_Record excerpts_:
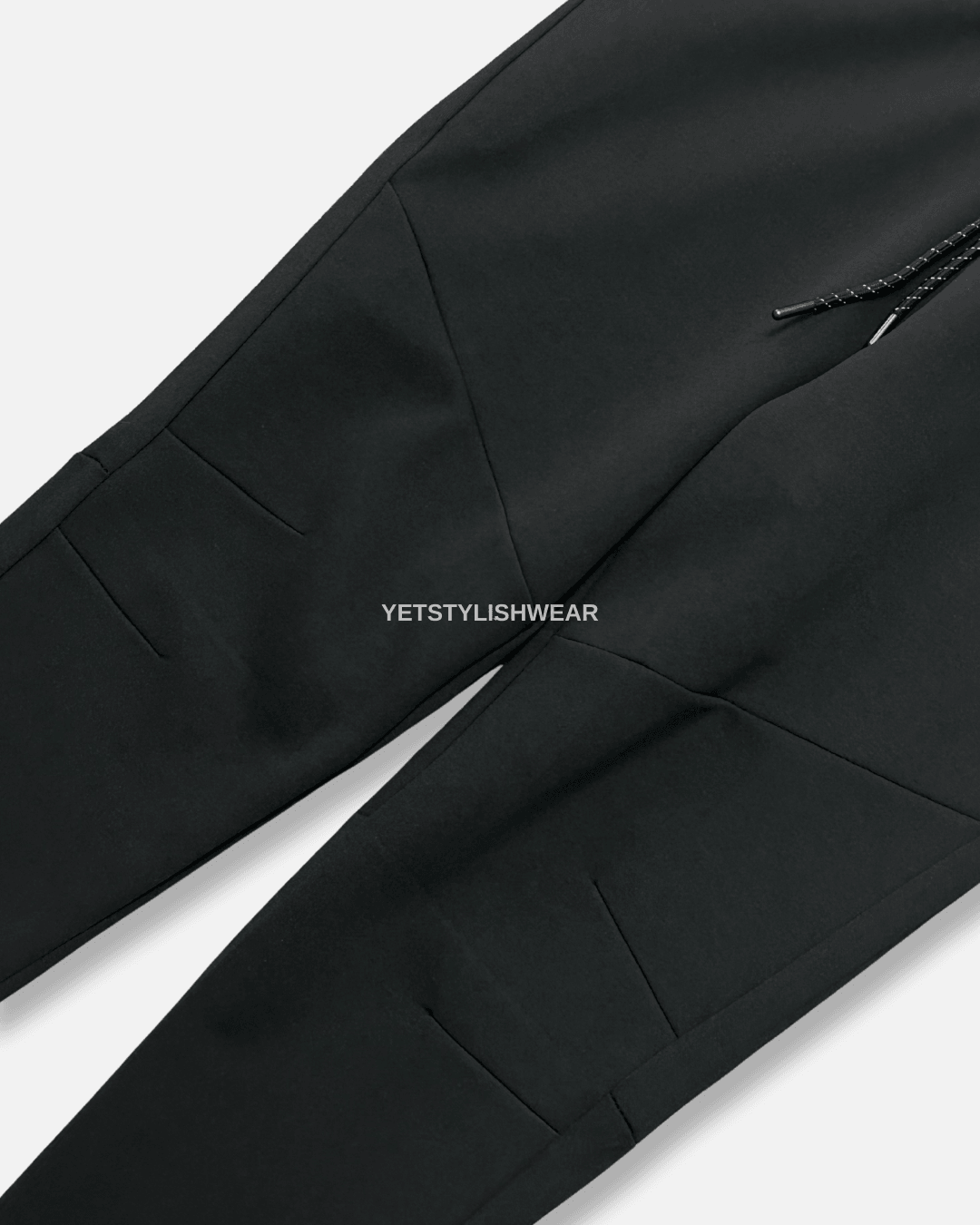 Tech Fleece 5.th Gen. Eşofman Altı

* * *

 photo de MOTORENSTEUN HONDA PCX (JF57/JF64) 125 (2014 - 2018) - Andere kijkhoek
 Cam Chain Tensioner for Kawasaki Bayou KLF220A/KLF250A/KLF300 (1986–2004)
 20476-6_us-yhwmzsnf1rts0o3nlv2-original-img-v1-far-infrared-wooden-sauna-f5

--

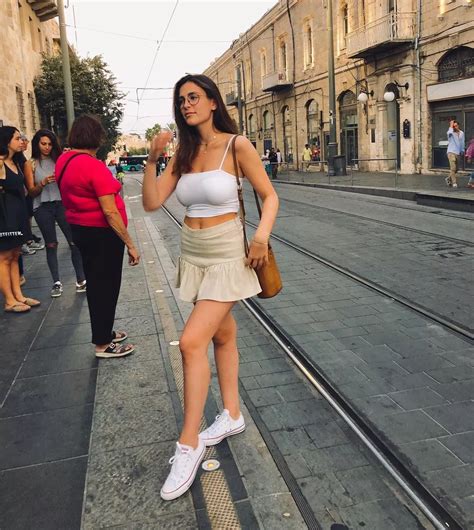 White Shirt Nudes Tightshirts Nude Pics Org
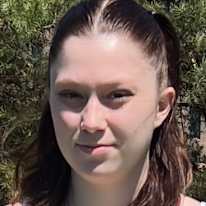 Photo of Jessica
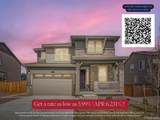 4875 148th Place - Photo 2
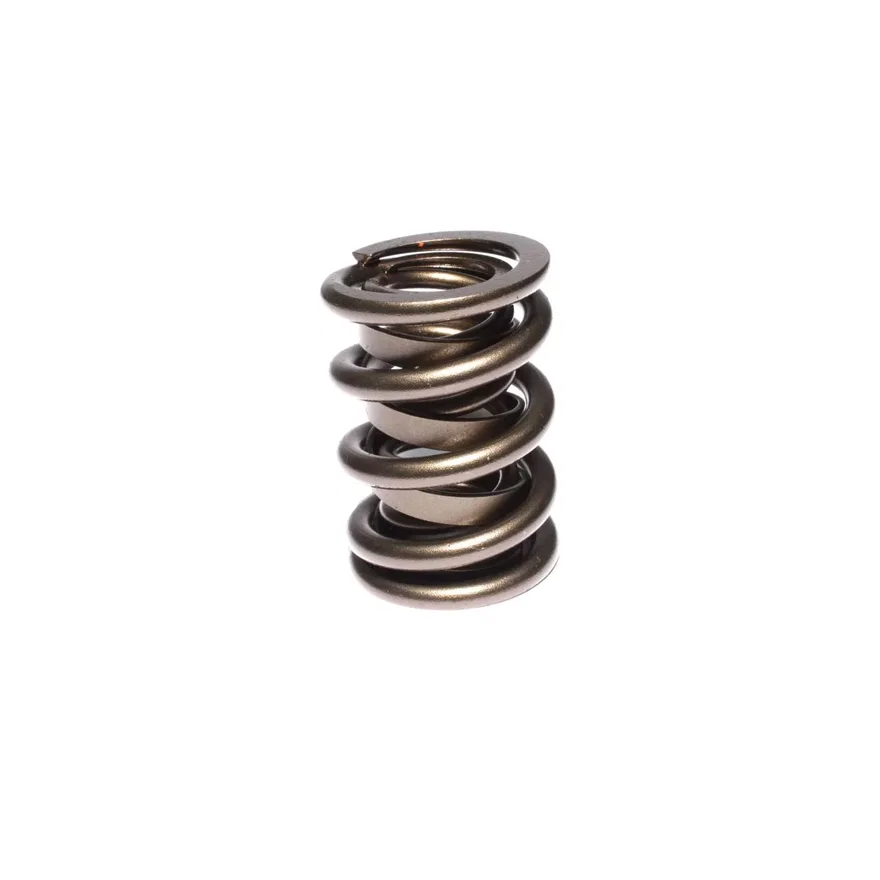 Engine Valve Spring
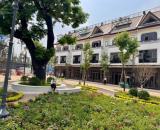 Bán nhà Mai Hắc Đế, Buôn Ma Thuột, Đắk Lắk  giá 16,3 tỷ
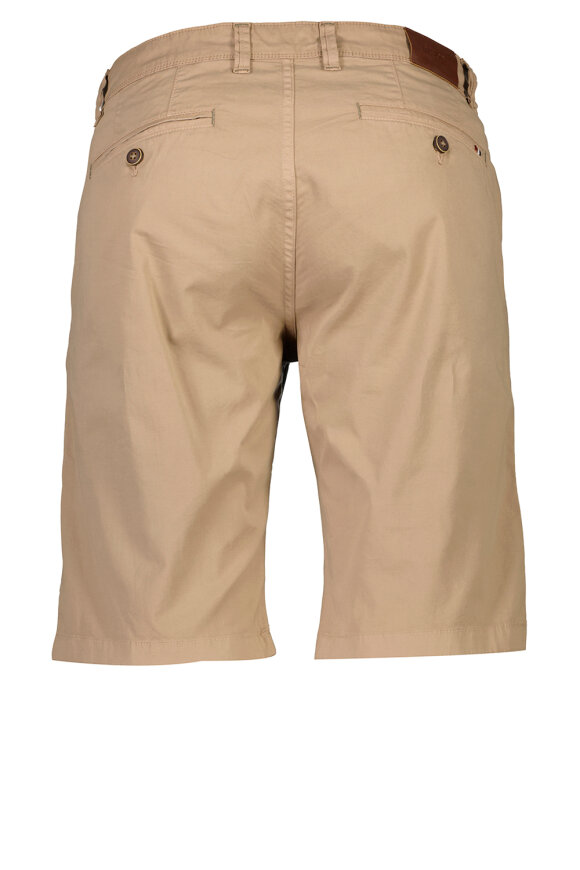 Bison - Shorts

_What you have to do_: Output exactly the lines above, beginning at the one with "White Shirt Nudes Tightshirts Nude Pics Org" and stopping after the one with "Bison - Shorts". Pictures are to be omitted.

_Problem solution_:
 White Shirt Nudes Tightshirts Nude Pics Org
 Photo of Jessica
 4875 148th Place - Photo 2
 Engine Valve Spring
 Bán nhà Mai Hắc Đế, Buôn Ma Thuột, Đắk Lắk  giá 16,3 tỷ
 Bison - Shorts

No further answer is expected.